This eLearning module was created with Photoshop and Captivate for my second class in the program. I had been taking Judo at the College Park Judo Club for several years. This is a volunteer led and run club whose instructors are all unpaid. In addition, there were not many high quality books, websites or other training materials available for this sport. As a beginner with no previous martial arts experience and no natural aptitude I was keenly aware how useful better training resources could be for all Judo players, in particular the beginners who were more easily discouraged and likely to drop out.

Action

I decided to create an online module for beginning judo players that reinforced some of the knowledge they would need to earn their first belt.

Results

Both the professor and my fellow students gave positive feedback. Since people looking for information about Judo won’t find my website, I decided to create a short video from parts of the module and have uploaded it to our YouTube channel. With YouTube analytics one can see the number of views, where the viewers are from etc.

Significant Learning Points

I came into the class with advanced proficiency in Photoshop. Therefore it wasn’t as challenging for me to learn Captivate, since the interface and many of the features are similar. However, seeing my fellow students struggle (and trying to help them the best I could) showed me not only that I enjoyed creating online learning but learning the skills to do so would be a competitive advantage.

Since I was very focused on creating a portfolio to break into the field I spent a lot of time on this project, including the graphic design. I saw that this was important in making a good impression, and that creating higher quality e-learning can be time-consuming.

EDUC 683

images3

E-learning module: Finding and Using Free Images

Competencies

  1. Communicate effectively in visual, oral and written form.
  2. Update and improve knowledge, skills, pertaining to the instructional design process.
  3. Identify and respond to ethical, legal implications of design in the workplace.
  4. Analyze characteristics of existing and emerging technologies & their use.
  5. Use instructional design and development process appropriate for a project.
  6. Select or modify existing instructional materials.
  7. Develop instructional materials.
  8. Plan and manage instructional design projects.

Context

I have created copyrighted & public domain media (and seen it illegally pirated) and benefited immensely from the many content creators who provide their work for others to use freely. Over the years I have heard many misconceptions about “public domain” and “fair use”. Instead of lecturing my colleagues about copyright laws, I thought it would be more effective to provide guidance on how to locate free resources they could legally use in their own work.

Action

I used Captivate and Photoshop to create a short online module about finding and using public domain and creative commons images for instructional designers and others.

Results

I received an A in the class and positive feedback from my professor and colleagues. I deepened my expertise in the topic, which was helpful in making future products more media rich and engaging on a budget. In addition, the expertise I gained was used in doing a presentation on the topic for the Maryland ATD which can be viewed by clicking here.

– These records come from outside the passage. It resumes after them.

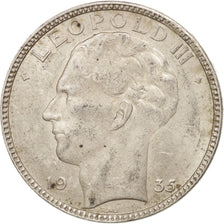 Belgium, 20 Francs, 20 Frank, 1935, AU(55-58), Silver, KM:105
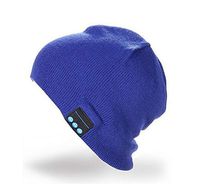 CALIONLTD Bluetooth hat HD Stereo 4.2 Wireless Beanie Headset Music Knit Bluetooth Headphone Speaker Hat Speakerphone Cap, Rechargeable USB Built-in Mic-Blue
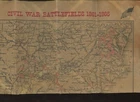 1961 Civil War Battlefield Map Parchment Paper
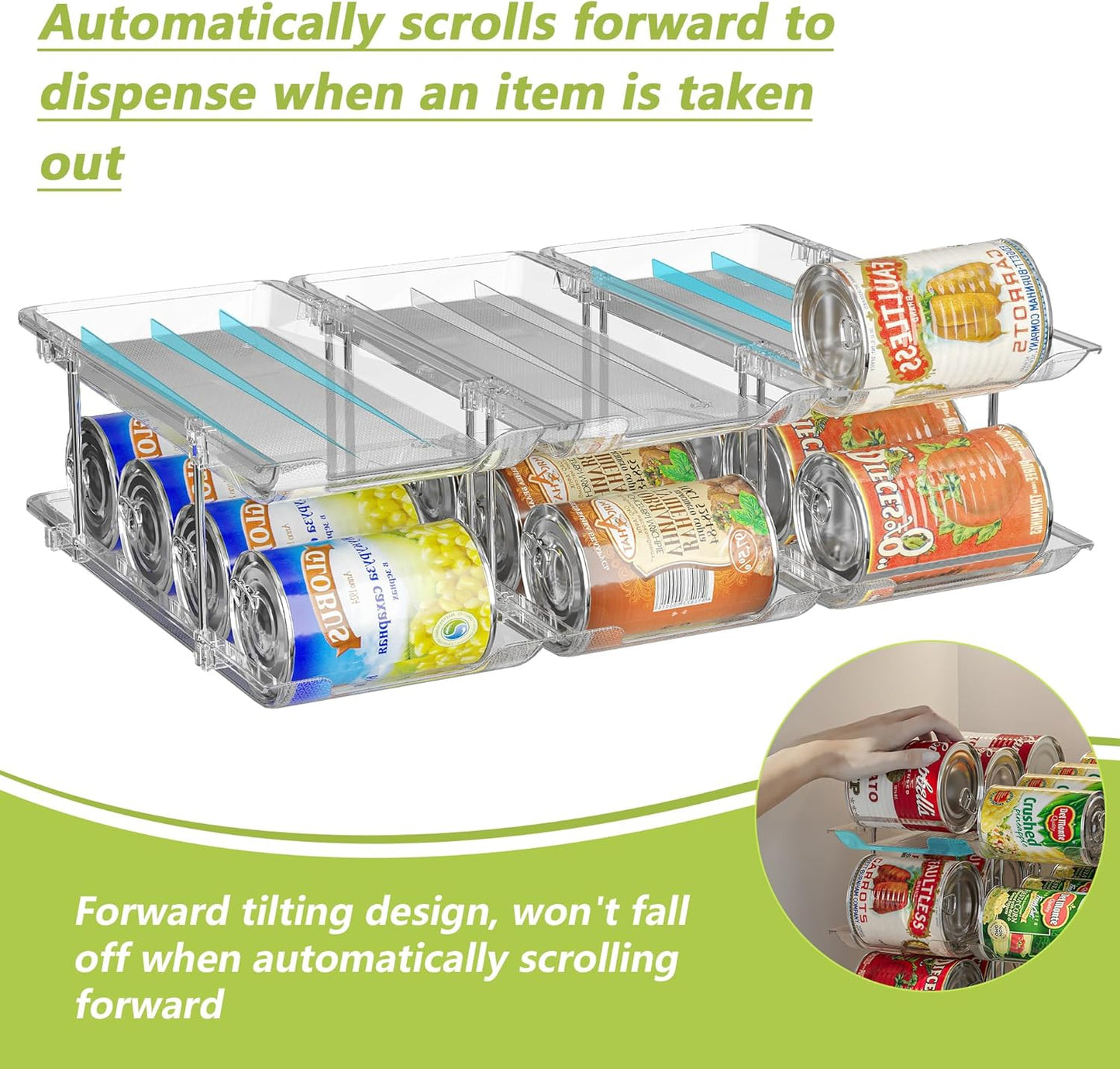 Can Organizer for Pantry Soda Can Organizer Automatic Rolling Food Pantry Storage Rack Can Dispenser for Fridge Holds 72 Cans, Fits 5.8-Inch Soda and Can, Set of 18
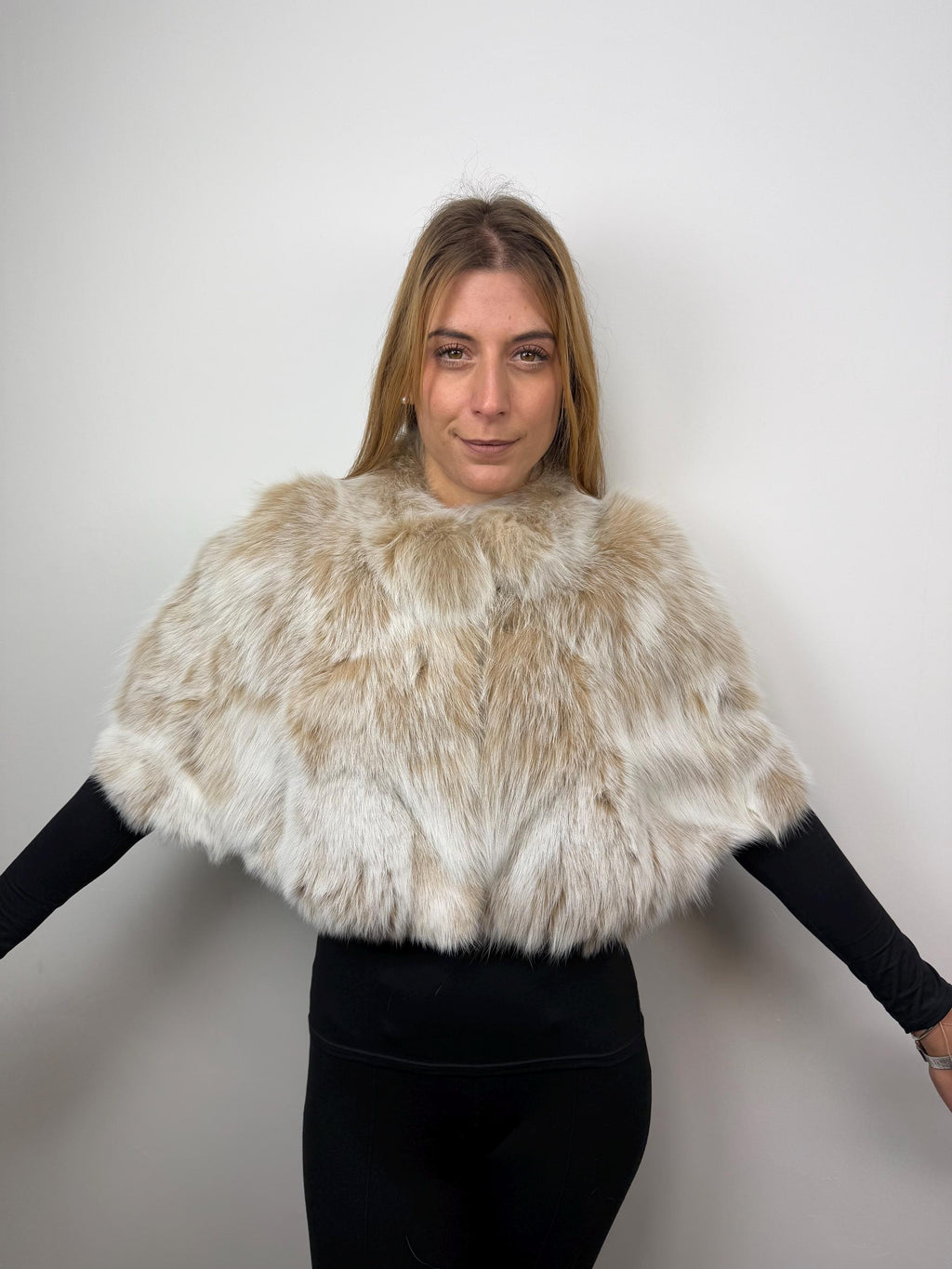 Luxury Snow Top Fox Fur Stole: Genuine Fur Shawl Bridal Wrap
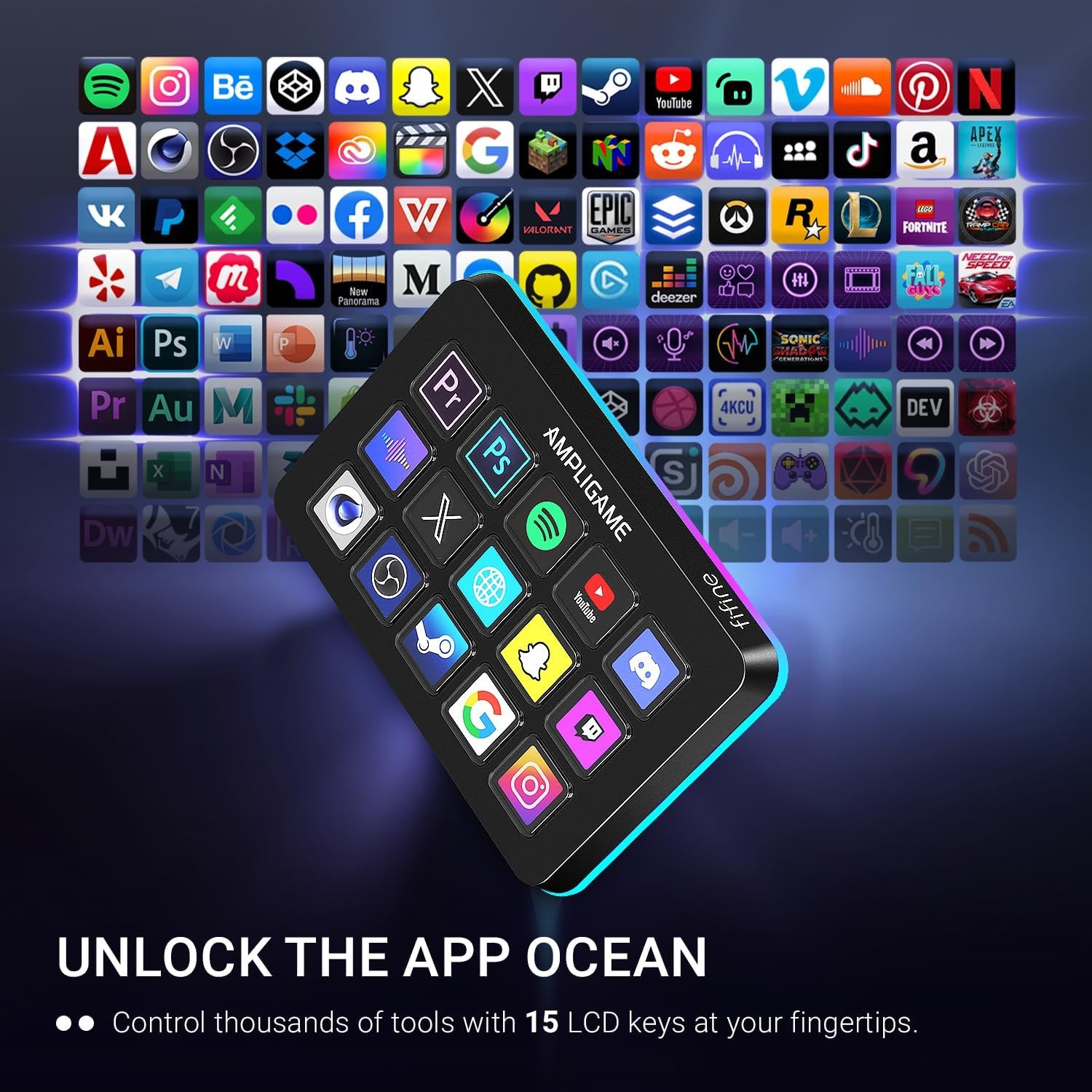 وحدة تحكم البث FIFINE AmpliGame D6 مع إضاءة RGB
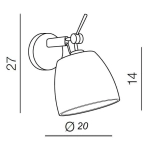 Kinkiet ZYTA WALL XS ALU AZ2479 AZZARDO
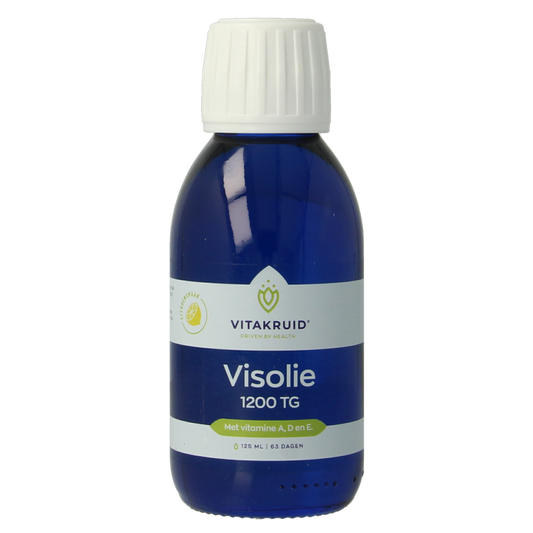 Vitakruid Visolie 1200 Vloeibaar Triglyceriden met A, D & E 125 Milliliter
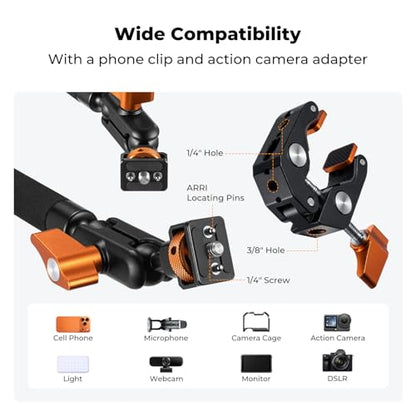 K&F CONCEPT 22" Magic Arm Clamp Kit, Overhead Desk Camera Mount, Long Articulating Friction Boom Arm for Phone, Action Camera, LED Light, Microphone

Significant Learning Points

In addition to increased knowledge of intellectual property/fair use/public domain, my ability and speed with producing a module in Captivate improved.

EDUC 603

Front End Analysis of The Danya Institute’s Leadership Institute

Competencies

  1. Communicate effectively in visual, oral and written form.
  2. Update and improve knowledge, skills, pertaining to the instructional design process.
  3. Apply data collection and analysis skills in instructional design projects.
  4. Conduct a needs assessment.
  5. Identify and describe target population and environmental characteristics.
  6. Select and use analysis techniques for determining instructional content.
  7. Use instructional design and development process appropriate for a project.
  8. Organize instructional products to be designed, developed, and evaluated.
  9. Design instructional interventions.
  10. Develop instructional materials.
  11. Design learning assessment.
  12. Revise instructional and non-instructional solutions based on data.
  13. Manage partnerships and collaborative relationships.

Context

I was the part-time Instructional Design and Technology Specialist for the Danya Institute, whose mission was to provide training and support for the behavioral healthcare workforce. This field faces a serious lack of qualified workers in general, and leaders in particular. Occasional efforts had been made to run a Leadership Institute to cultivate future leaders and managers. However, very little evaluation had been done of the program. Without measurable outcomes it was hard to justify doing another Leadership Institute or find funding for it. Therefore the Executive Director wanted to create a more systematic process to evaluate the program and its impact.

Action

Fellow student Cat Wrubleski and I performed a full front end analysis to examine why the program had not been previously evaluated and propose solutions. I took the lead on project management and review of all extant data. I also conducted four of the key informant interviews.

Results

I received an A in the class and favorable feedback from the professor. Unfortunately the Executive Director resigned and the new Executive Director was not interested in leadership development.

Significant Learning Points

I learned a number of things from this experience. The experience reinforce a comment in Dr. Hodell’s 602 textbook saying that while initial analysis was important, it was frequently overlooked. The amount of time it took to complete a thorough analysis was made clear from this experience. In addition, the concept of buy-in from management for results from an analysis to be used and not “left on the shelf” was also reinforced.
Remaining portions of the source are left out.